**ASSIGNED TASK**
Everything in the listing below from the line containing "Oxidised silver hook" through the line containing "Kapak - Mavi" must be repeated exactly; the remaining lines are not wanted.

Top of RECORDS SUPPLIED

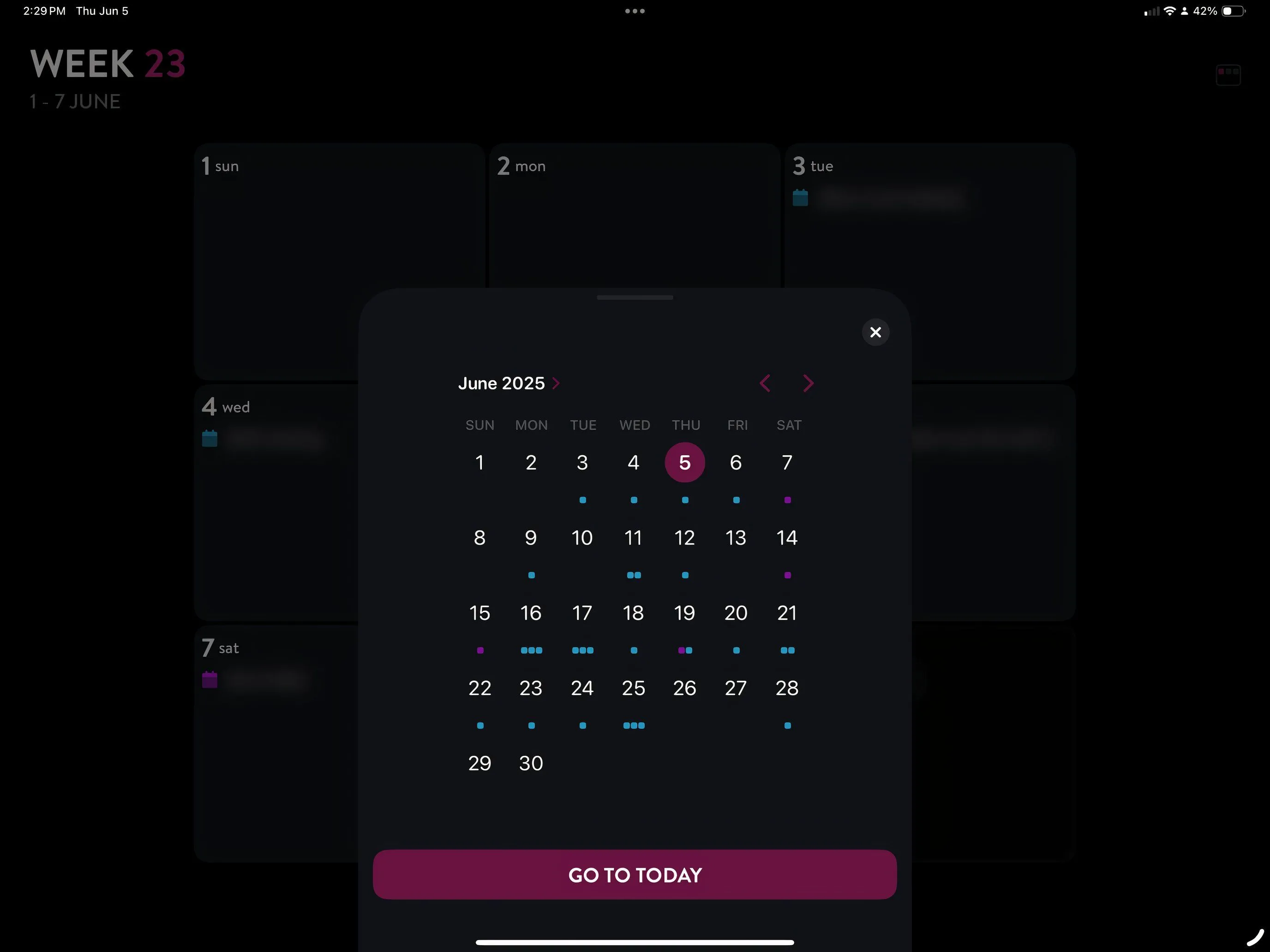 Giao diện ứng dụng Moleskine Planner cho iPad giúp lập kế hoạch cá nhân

Bottom of RECORDS SUPPLIED
Top of RECORDS SUPPLIED

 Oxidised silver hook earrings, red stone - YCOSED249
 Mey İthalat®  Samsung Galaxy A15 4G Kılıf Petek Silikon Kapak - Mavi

Bottom of RECORDS SUPPLIED

**WRITTEN SOLUTION**
 Oxidised silver hook earrings, red stone - YCOSED249
 Mey İthalat®  Samsung Galaxy A15 4G Kılıf Petek Silikon Kapak - Mavi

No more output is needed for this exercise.